Why “Chicagoland”

WBEZ’s Curious City looks into “Chicagoland,” the term, its origins, purpose, and definition—its boundaries.

Chicago Tribune publisher Robert R. “Colonel” McCormick commissioned James O’Donnell Bennett to write a series of Chicago region travel articles.

That’s how the word made its first appearance nearly 100 years ago in the July 27, 1926 edition of the Chicago Tribune. Across the front page was a story by O’Donnell Bennett titled “Chicagoland’s Shrines: A Tour of Discoveries.”

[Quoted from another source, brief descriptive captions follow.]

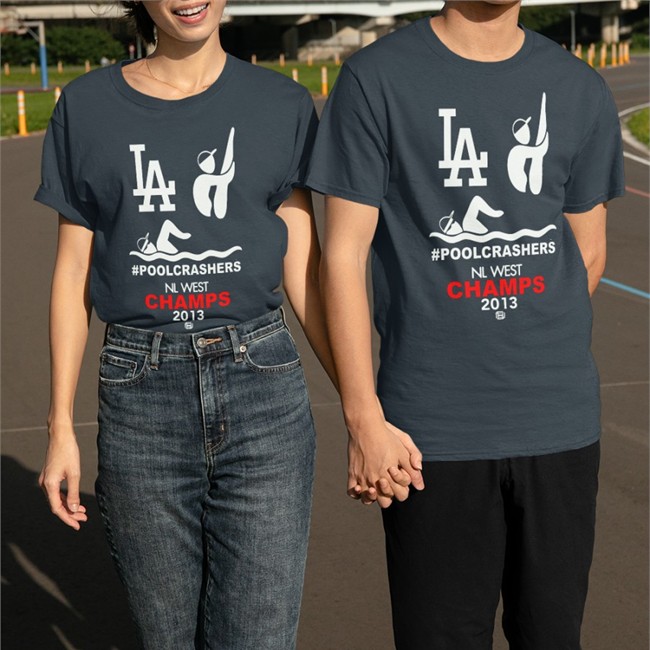 La Poolcrahers Nl West Champs 2013 Long Sleeve Tee Shirt La Poolcrahers Nl West Champs 2013 Hat Winforvin Royal
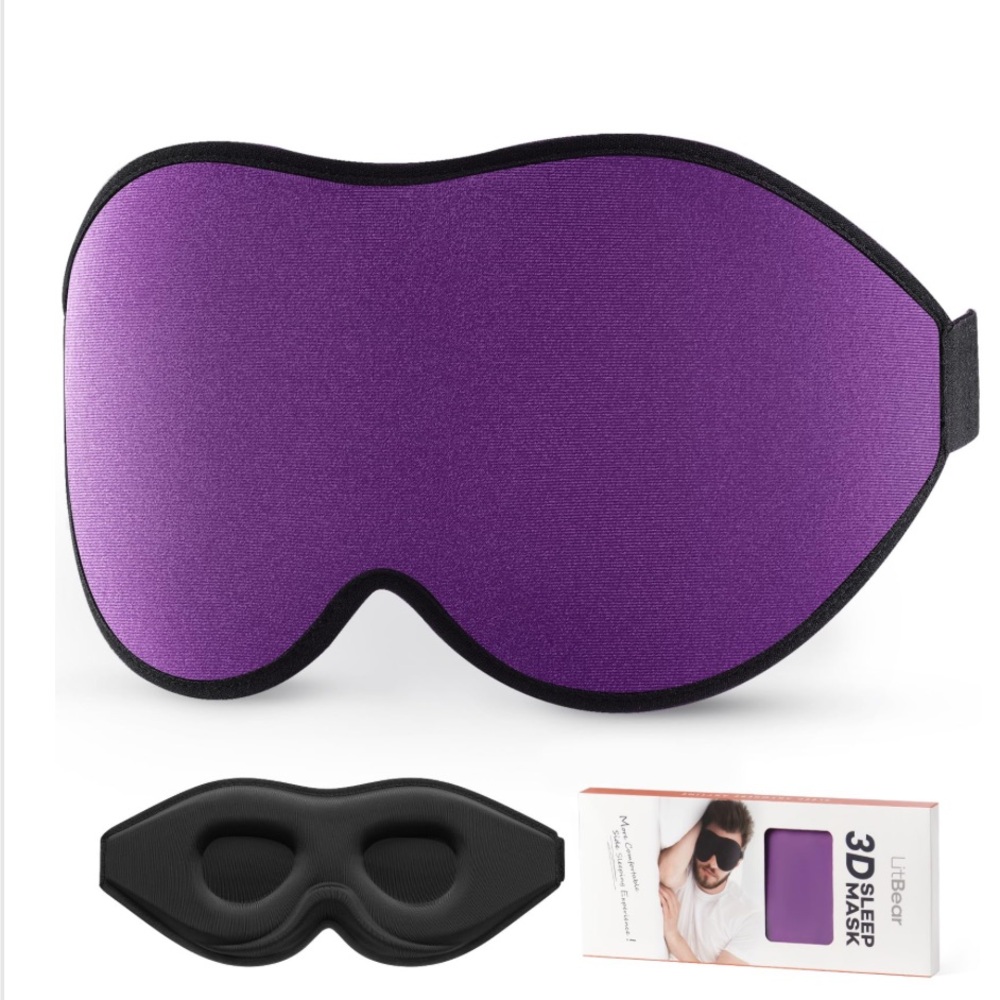 Purple 3D Sleep Mask by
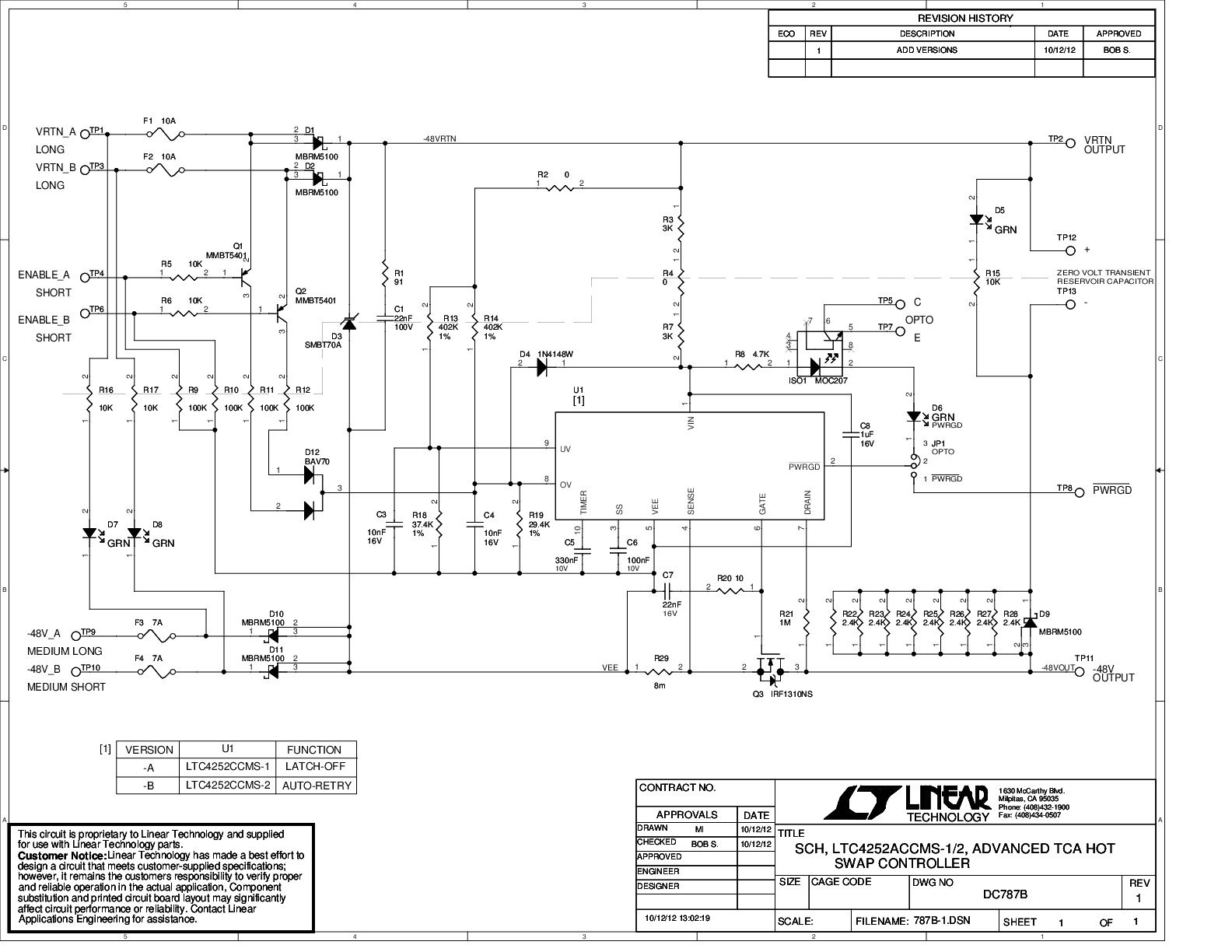 DC787A-A - Schematic
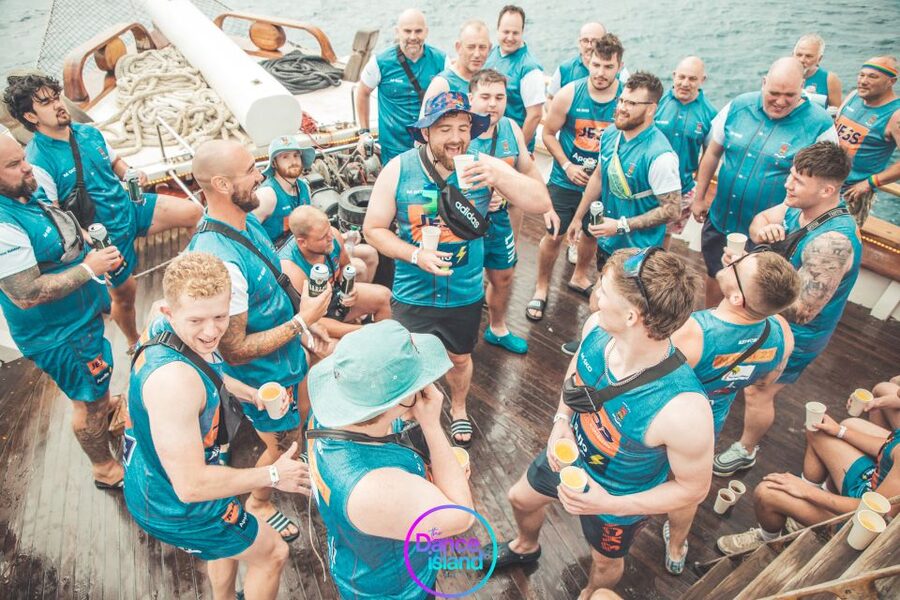 Malta: Sailboat Party with an Open Bar, Snack, and Swimming - The swim stop in clear Mediterranean water
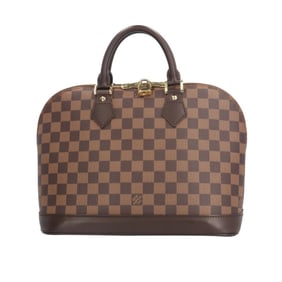 Louis Vuitton Alma Damier Handbag, Canvas N51131, Brown, Women's, LOUIS VUITTON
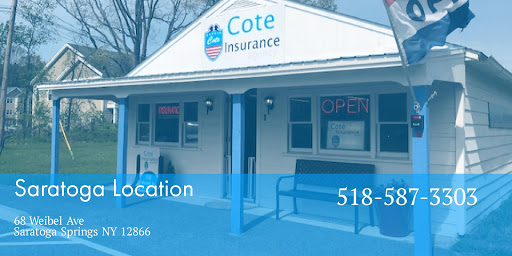 Cote Insurance Agency, 68 Weibel Ave, Saratoga Springs, NY 12866, Insurance Agency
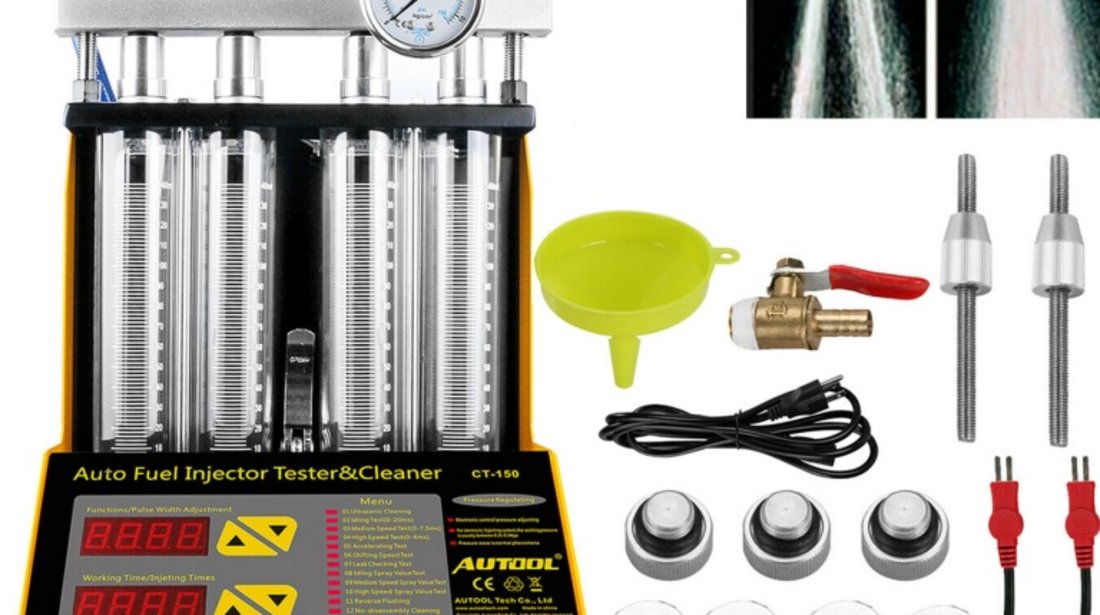 Autool CT150 Aparat testare + curatare ultrasonic + reparare injectoare Common Rail benzina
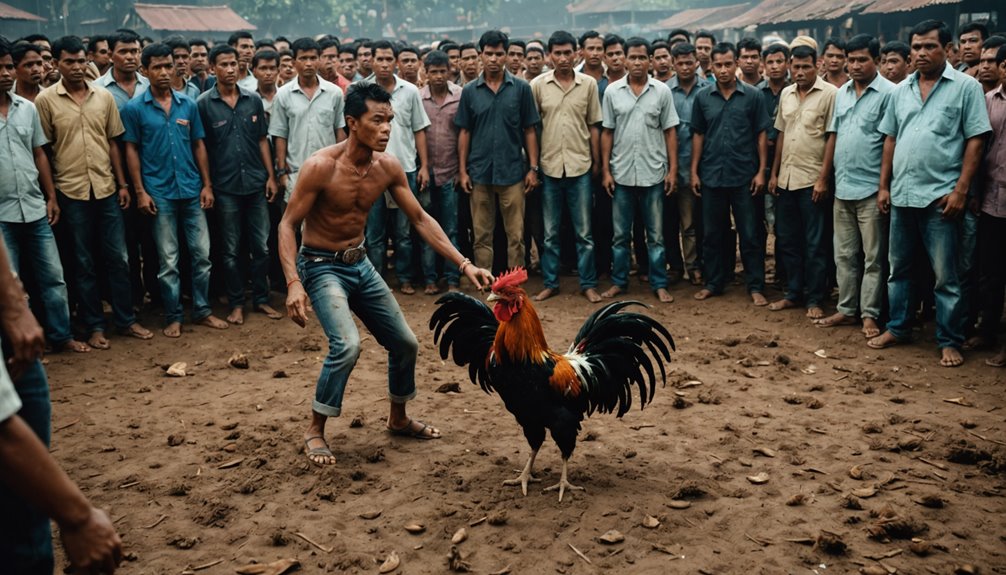 cockfighting arrests in bekasi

The subhed for that first story was notably “Our Own Midwest, Scenic and Historic, Revealed.” Chicagoland was the Midwest with Chicago at its center, a Tribune-defined region Tribune readers identified with or would-be Tribune readers wanted to identify with, a region invented and boosted to sell newspapers.

Curious City argues that this early Chicagoland major gave way over time to a more localized, more suburbanized, near-Chicago Chicagoland minor—even though one of their own exhibits, the fantastic Chicago Tribune 1927 Special Detailed Road Map of Chicagoland, shows that the Chicagoland minor existed alongside the Chicagoland major essentially from the very start. The point stands, though, the the idea of “Chicagoland” being a term that could be applied to the Midwest has largely faded.

I’ve generally disliked the term, but I can see its usefulness as potential a way for us suburbanites to accurately express where we’re from without saying we’re “from Chicago”—a geographic rounding or exaggeration that drives actual Chicagoans crazy.